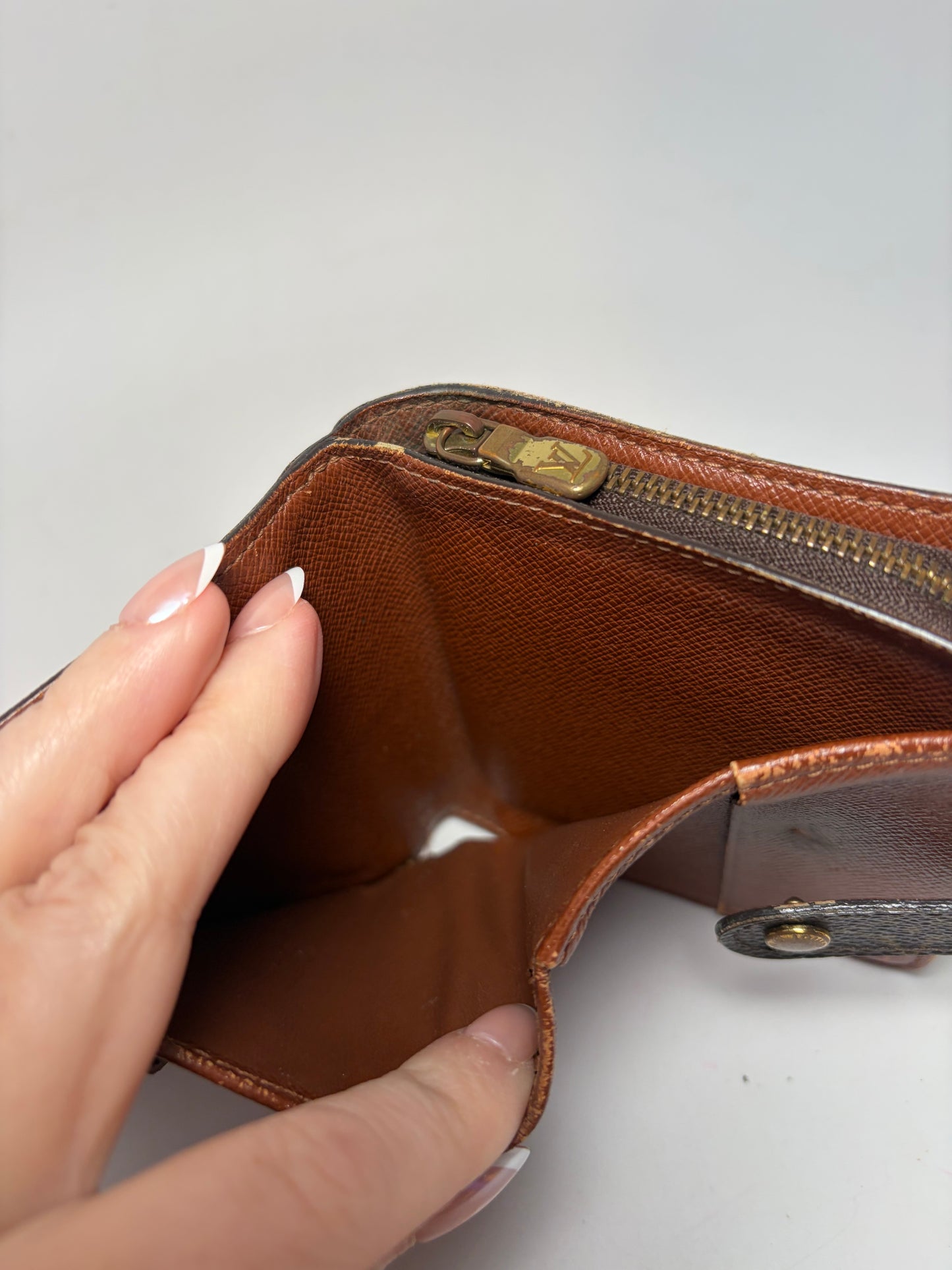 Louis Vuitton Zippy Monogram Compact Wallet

---

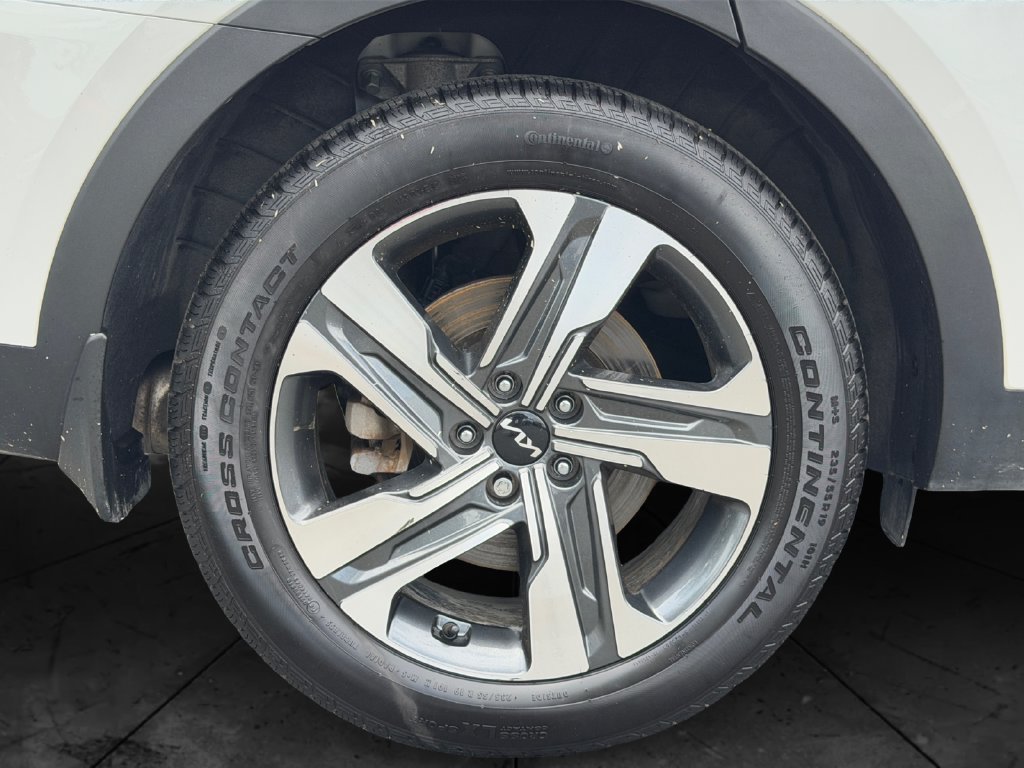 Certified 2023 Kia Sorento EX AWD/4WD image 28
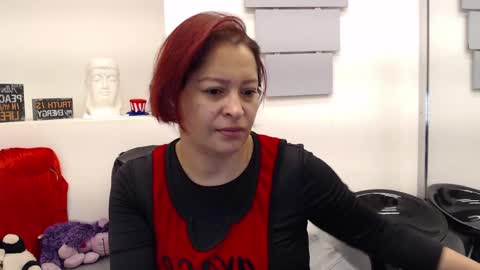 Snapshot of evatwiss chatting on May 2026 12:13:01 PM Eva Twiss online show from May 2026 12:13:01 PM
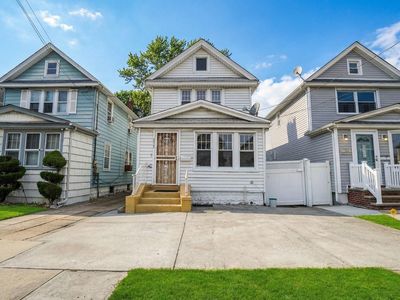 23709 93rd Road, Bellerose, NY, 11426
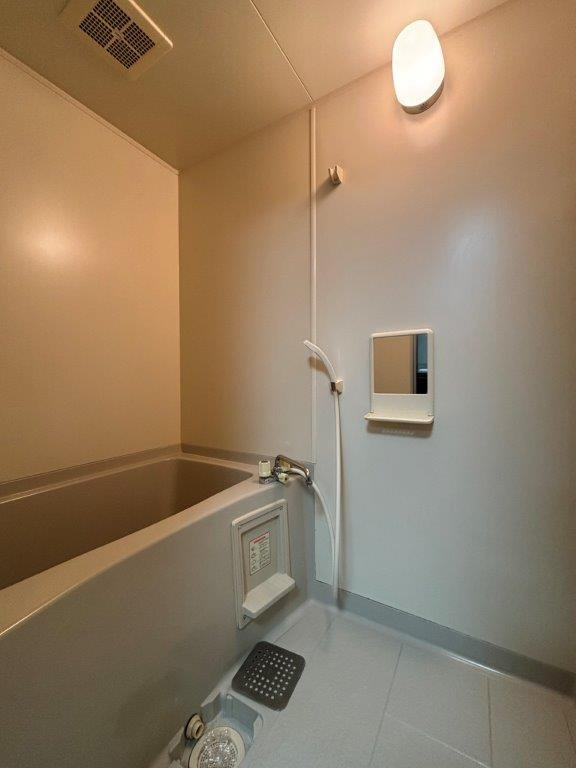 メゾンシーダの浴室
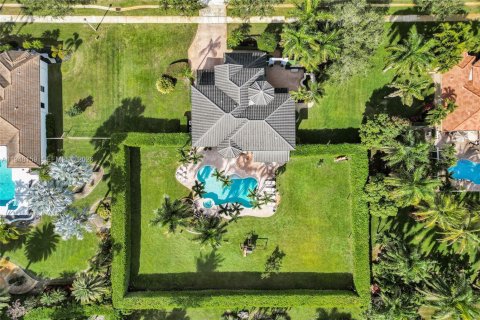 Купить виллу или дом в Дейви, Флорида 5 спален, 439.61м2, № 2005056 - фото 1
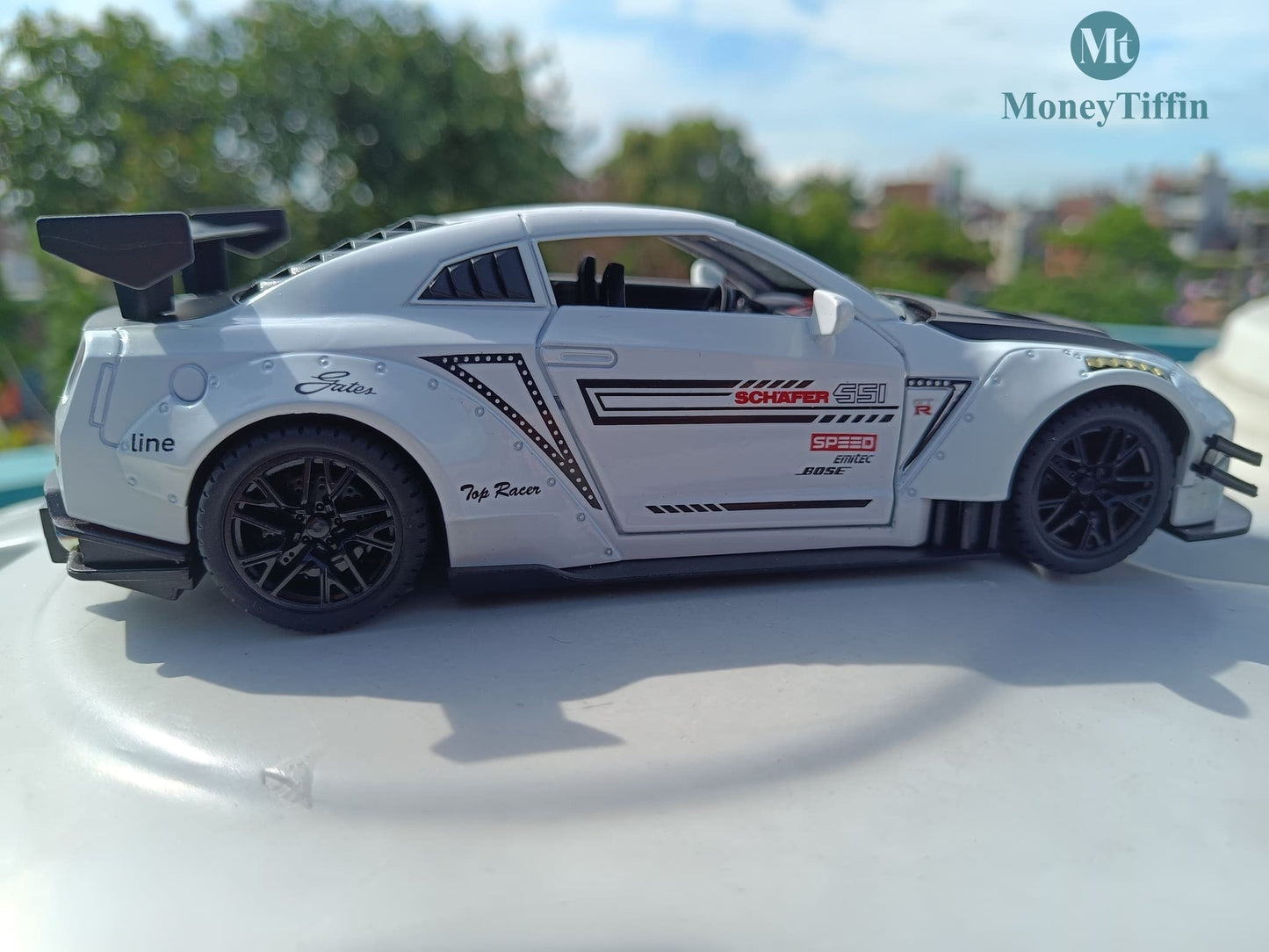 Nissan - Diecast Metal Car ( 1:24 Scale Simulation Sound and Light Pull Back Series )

### Exercise goal
A verbatim reproduction is expected: starting at the line above that has "Certified 2023 Kia", ending at the line that has "Nissan - Diecast", both included, and with no pictures and no other lines.

### Problem solution
 Certified 2023 Kia Sorento EX AWD/4WD image 28
 Snapshot of evatwiss chatting on May 2026 12:13:01 PM Eva Twiss online show from May 2026 12:13:01 PM
 23709 93rd Road, Bellerose, NY, 11426
 メゾンシーダの浴室
 Купить виллу или дом в Дейви, Флорида 5 спален, 439.61м2, № 2005056 - фото 1
 Nissan - Diecast Metal Car ( 1:24 Scale Simulation Sound and Light Pull Back Series )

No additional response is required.